Why does the number of possible probability distributions have the cardinality of the continuum?
Wikipedia's article on parametric statistical models (https://en.wikipedia.org/wiki/Parametric_model) mentions that you could parameterize all probability distributions with a one-dimensional real parameter, since the set of all probability measures & $\mathbb{R}$ share the same cardinality.
This fact is mentioned in the cited text (Bickel et al, Efficient and Adaptive Estimation for Semiparametric Models), but not proved or elaborated on.
This is pretty neat to me. (If I'd been forced to guess, I would have guessed the set of possible probability distributions to be bigger, since pdfs are functions $\mathbb{R}\rightarrow\mathbb{R}$, and we're counting probability distributions that don't have a density, too. It's got to be countable additivity constraining the number of possible distributions, but how?)
Where could I go to find a proof of this, or is it straightforward enough to outline in an answer here? Does its proof depend on AC or the continuum hypothesis?
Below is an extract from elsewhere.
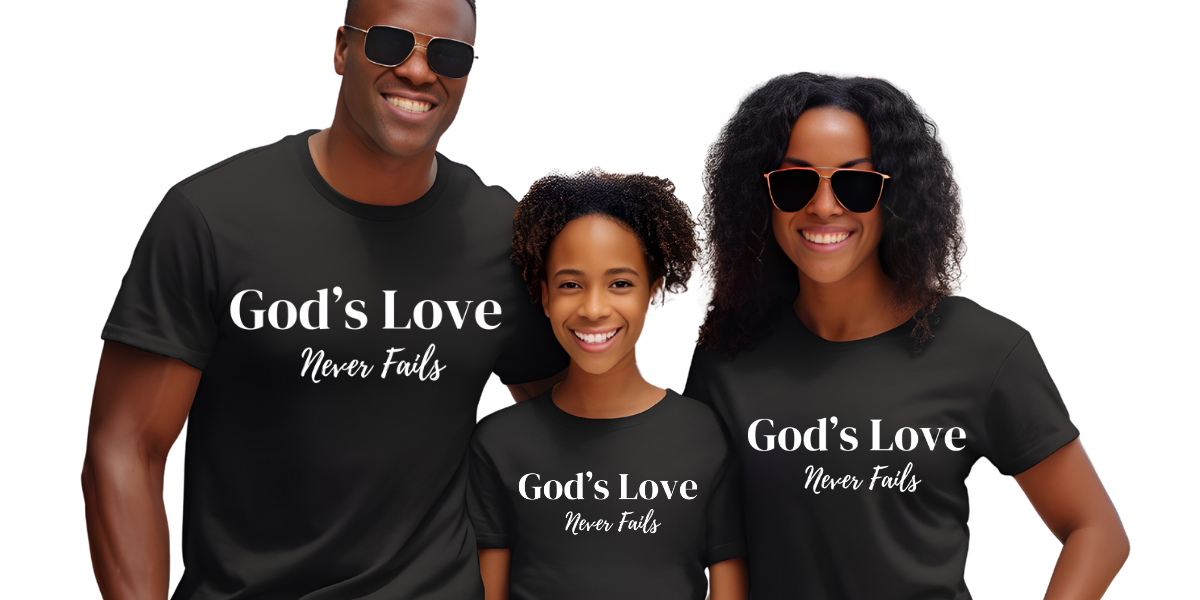 God's Love Never Fails - Tshirt - Black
We need some kind of condition on the cardinality of the sample space that neither Wikipedia or Bickel mention, right (if it's too big, then the number of degenerate probability distributions is too big)?
A probability on $\mathbb{R}$, be it continuous or not, is given by its CDF $x \mapsto\mathbb{P}(X \leq x)$. A CDF is right-continuous, and the set of right-continuous functions has the cardinality of $\mathbb{R}$. To see this, you can for instance argue that the values of such a function are given by its values at the rational points, so it has at most the cardinality of a countable product of copies of $\mathbb{R}$, which has the cardinality of $\mathbb{R}$ as well.
To expand on the AC/CH question, Raoul's argument does not depend on either of these, since you can give an explicit injection from real-valued sequences $x_1,x_2,\ldots$ to $\mathbb R$ (and there is an explicit bijection between $\mathbb Q$ and $\mathbb N$, so between $\mathbb R^{\mathbb Q}$ and $\mathbb R^{\mathbb N}$). To do this, write each value as an decimal (converting $0.1999...$ to $0.2$, etc.). Then form a new infinite decimal as follows: digits in odd places are the digits of $x_1$, in order; those in places $\equiv 2$ mod $4$ are digits of $x_2$; those in places $\equiv 4$ mod $8$ digits of $x_3$; and so on. Since infinitely many digits of $x_1$ are not $9$, the same is true of the decimal we obtain by this process, and you can easily recover the digits of each $x_i$ from the final decimal, so this is an injection.